だからパトロン探しのような技術ベンチャーは何重にも辛い時代ではないかと思う。ホリエモンの評価を見ていると日本ではベンチャーとマネーゲームの区別がついていないようだが、専門性を下地にしたユニークな技術コアを、それらで大きくマネタイズしようとする人々にアピールするという、アメリカ流のベンチャーが挑戦をする場は日本にはあまりない。そこでベンチャー自体がマネーゲームをするようなことが起こる。アメリカの場合は逆にベンチャーがマネーゲームの駒にされてしまって、ベンチャー創立者は売り逃げできても、そこで働いていたエンジニアは翻弄されて終わりになる。ちょっとコンピュータが得意だからといってビジネスで珍重される時代は終わったのである。
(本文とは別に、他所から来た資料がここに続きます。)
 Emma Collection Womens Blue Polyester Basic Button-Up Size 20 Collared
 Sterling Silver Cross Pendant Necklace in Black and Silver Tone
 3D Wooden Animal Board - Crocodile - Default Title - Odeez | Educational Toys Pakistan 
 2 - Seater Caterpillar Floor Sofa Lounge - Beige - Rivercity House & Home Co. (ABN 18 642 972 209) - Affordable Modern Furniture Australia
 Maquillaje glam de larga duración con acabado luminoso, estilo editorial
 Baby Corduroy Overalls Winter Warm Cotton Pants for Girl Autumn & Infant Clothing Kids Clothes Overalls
日本のベンチャーをみていると、殆どは創立者が売り逃げもできなければ、努力していたエンジニアもなかなか一貫した仕事の積み重ねができず、派遣労働者とたいして変わりがない場合がある。では好きなことでノウハウを蓄積したいエンジニアとか将来に起業を考える人はどうすればいいのか? 結局アメリカは理科系に人気がなくなってしまって、アジアからの移住者や出稼ぎエンジニアが増え、インドやアジアにアウトソーシングするようになってしまった。韓国や中国でもアメリカのITサービスと同等のことを国内でやっているように、ITスキルでいうと日本が勝っているところは一部のニッチな分野でしかなくなってしまった。日本でのビジネスの選択肢は2つしか残っていないように思う。
第1は他国がなかなかできない特殊な分野であり、これはそもそもすごい専門性が必要で、多くのエンジニアにはあてはまらない。第2は日本の利用者により近づいたサービスを開発することである。これはどんなビジネス分野にも当てはまり、例え世界でAmazonが合理的な方法でビジネスをどれだけ伸ばそうとも、Amazonがサービスの満足度でトップになることはないように、攻めどころはある。しかし満足度を高めるのは試行錯誤の繰り返しで日々汗をかかなければならない。そういう指向の組織や職場であるならば、アルバイトでもラインの仕事でも、ビジネスのノウハウを経験として積み重ねられて、それに各個人の着想とかが加われば、独自性のある起業の機会があるかもしれない。
つまり、まっとうなビジネス経験とか、地域おこしのコラボレーションとか、経営が発展するベースを理解した上で、ITでもメディアでもプロモーションでも独自性を発揮するようにならないと、日本のエンジニアはアジアのエンジニアにも負けてしまうことになるだろう。